The daughter of Mordechaij Rodrigues and Rebecca Reindorp, both diamond workers, she was born in Amsterdam. She became involved with De Universalisten, an artistic group based in Amsterdam. In 1920, she moved to Berlin. Her performance at an event there led to a month-long engagement at the cabaret Die Rakete. Rodrigo grew in popularity because her style of dance fitted with the Expressionist dance movement in Germany that was prevalent at the time. However, in 1924, due to growing anti-Semitism in Germany, she returned to Amsterdam, where she taught dance during the day and performed in the evenings. In 1926, she became involved with the social democratic Instituut voor Arbeiders-Ontwikkeling. Her 1933 performance of "Three Jewish Group Dances" was the first time that she had incorporated her Jewish identity into her art. In the same year, she joined the Communist Party of the Netherlands. Following her performance of Schepelingen, based on the bombing of the HNLMS De Zeven Provinciën by the Dutch, she fell out of favour with Dutch authorities and had a harder time finding venues for performing. Although she was able to avoid persecution in Amsterdam because of her non-Jewish husband, her mother and sister were executed in Nazi concentration camps. From 1935 to 1937, she performed at a resort in Brussels. She performed there in the group Les Quatre Femmes Rodrigo with three other dancers: Martha Bruyn, Selma Chapon, and Greetje Donker.

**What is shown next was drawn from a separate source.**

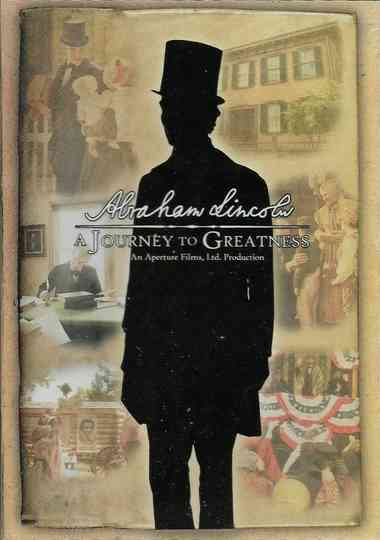 Abraham Lincoln A Journey To Greatness Poster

After 1949, she stopped performing and dedicated herself to teaching. In 1993, on her hundredth birthday, a bust of Rodrigo was unveiled at the Amsterdam City Theater. When she was 91, she became a member of the Order of Orange-Nassau.

In 1915, Rodrigo married Hartog Bierman, an actor. The couple divorced in 1920. Two years later, she married Cornelis de Dood, a journalist.

Rodrigo died in Amsterdam at the age of 102.